[Opening Material provided section]

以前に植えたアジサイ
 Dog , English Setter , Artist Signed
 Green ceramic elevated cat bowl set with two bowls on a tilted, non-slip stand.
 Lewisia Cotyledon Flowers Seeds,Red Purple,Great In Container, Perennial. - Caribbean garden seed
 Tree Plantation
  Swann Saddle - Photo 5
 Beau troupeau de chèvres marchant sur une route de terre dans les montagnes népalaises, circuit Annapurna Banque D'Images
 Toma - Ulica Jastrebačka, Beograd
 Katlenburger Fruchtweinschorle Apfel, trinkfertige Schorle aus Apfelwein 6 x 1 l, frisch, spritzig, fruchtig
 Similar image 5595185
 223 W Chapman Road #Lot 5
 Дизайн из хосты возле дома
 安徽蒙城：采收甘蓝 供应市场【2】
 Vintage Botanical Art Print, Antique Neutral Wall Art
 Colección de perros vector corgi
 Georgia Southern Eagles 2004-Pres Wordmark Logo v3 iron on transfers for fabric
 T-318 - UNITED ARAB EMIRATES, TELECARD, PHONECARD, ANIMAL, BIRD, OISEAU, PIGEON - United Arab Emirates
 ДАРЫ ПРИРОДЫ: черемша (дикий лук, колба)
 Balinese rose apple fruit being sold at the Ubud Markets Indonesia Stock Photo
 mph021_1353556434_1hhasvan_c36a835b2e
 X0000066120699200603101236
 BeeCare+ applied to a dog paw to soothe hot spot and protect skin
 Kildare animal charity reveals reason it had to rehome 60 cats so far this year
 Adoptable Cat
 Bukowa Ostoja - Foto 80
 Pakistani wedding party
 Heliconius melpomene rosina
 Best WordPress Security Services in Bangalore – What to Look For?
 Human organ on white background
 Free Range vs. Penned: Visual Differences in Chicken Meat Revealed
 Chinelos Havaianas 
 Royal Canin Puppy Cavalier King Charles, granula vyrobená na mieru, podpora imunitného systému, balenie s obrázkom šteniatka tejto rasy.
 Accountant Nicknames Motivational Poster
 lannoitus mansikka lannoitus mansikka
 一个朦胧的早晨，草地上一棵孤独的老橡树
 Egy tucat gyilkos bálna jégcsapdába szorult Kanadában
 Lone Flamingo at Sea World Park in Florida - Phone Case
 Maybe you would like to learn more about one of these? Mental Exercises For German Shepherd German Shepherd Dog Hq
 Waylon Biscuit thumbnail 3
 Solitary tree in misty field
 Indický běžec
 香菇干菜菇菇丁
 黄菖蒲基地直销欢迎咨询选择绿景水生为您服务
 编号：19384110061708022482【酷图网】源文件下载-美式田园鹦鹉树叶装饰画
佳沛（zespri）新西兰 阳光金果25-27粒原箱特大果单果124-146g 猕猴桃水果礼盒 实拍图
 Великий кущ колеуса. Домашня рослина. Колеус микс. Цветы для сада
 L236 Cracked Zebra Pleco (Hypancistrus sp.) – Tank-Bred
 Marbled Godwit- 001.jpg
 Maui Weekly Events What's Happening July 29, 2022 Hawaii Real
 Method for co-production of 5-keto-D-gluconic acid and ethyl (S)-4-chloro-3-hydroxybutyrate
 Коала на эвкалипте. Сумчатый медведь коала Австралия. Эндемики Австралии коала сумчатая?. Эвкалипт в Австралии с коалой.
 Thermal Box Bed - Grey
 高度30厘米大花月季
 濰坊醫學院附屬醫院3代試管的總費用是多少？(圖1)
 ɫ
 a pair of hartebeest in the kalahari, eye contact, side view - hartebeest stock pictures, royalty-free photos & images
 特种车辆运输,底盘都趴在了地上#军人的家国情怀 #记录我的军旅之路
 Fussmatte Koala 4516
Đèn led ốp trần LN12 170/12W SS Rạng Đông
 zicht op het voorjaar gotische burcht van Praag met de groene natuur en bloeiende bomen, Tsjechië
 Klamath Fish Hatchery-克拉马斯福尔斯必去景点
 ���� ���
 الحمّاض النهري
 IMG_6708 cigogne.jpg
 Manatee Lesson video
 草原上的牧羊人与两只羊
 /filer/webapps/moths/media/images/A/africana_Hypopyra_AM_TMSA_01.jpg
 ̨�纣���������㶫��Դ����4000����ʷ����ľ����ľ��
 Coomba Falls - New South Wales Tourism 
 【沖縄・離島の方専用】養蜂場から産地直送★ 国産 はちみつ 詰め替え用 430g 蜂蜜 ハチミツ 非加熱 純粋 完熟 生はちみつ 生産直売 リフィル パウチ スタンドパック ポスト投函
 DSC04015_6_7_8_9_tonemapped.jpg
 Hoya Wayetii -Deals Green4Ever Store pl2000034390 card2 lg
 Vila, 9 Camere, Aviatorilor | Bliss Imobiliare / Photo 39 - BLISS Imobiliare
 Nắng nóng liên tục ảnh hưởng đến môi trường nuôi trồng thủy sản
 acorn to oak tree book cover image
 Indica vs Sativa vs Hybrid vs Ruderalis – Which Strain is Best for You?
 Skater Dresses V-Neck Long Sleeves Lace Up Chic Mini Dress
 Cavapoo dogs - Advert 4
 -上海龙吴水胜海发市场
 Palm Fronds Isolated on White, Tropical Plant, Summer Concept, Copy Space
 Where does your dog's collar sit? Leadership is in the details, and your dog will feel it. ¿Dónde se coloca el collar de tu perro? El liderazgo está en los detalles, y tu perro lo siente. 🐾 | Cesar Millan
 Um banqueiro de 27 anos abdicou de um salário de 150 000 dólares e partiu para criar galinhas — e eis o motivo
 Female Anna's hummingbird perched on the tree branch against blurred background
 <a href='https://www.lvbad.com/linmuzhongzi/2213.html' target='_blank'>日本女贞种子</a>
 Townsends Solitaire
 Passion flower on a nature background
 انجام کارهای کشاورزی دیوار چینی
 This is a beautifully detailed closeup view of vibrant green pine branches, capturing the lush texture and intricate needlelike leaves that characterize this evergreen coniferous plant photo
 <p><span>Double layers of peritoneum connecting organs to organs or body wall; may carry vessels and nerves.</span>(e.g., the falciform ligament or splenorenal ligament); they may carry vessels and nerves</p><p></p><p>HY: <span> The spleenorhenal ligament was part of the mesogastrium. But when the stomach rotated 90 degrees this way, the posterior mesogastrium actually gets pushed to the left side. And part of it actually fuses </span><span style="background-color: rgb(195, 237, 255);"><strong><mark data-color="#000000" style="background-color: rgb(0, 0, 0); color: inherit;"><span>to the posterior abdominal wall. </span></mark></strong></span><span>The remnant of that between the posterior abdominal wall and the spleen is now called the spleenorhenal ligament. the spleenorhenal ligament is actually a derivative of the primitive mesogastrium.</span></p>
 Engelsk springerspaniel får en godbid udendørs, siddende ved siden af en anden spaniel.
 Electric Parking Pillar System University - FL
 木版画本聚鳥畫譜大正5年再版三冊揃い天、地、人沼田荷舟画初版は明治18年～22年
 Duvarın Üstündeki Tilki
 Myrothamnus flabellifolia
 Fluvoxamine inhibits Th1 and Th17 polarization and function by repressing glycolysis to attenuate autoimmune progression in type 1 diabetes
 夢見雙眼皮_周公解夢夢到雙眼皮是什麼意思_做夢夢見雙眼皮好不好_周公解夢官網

[Closing Material provided section]

From the records above, transcribe without alteration every line from the one with "Cavapoo dogs - Advert 4" to the one with "This is a beautifully", inclusive.

◆ Completed task
 Cavapoo dogs - Advert 4
 -上海龙吴水胜海发市场
 Palm Fronds Isolated on White, Tropical Plant, Summer Concept, Copy Space
 Where does your dog's collar sit? Leadership is in the details, and your dog will feel it. ¿Dónde se coloca el collar de tu perro? El liderazgo está en los detalles, y tu perro lo siente. 🐾 | Cesar Millan
 Um banqueiro de 27 anos abdicou de um salário de 150 000 dólares e partiu para criar galinhas — e eis o motivo
 Female Anna's hummingbird perched on the tree branch against blurred background
 <a href='https://www.lvbad.com/linmuzhongzi/2213.html' target='_blank'>日本女贞种子</a>
 Townsends Solitaire
 Passion flower on a nature background
 انجام کارهای کشاورزی دیوار چینی
 This is a beautifully detailed closeup view of vibrant green pine branches, capturing the lush texture and intricate needlelike leaves that characterize this evergreen coniferous plant photo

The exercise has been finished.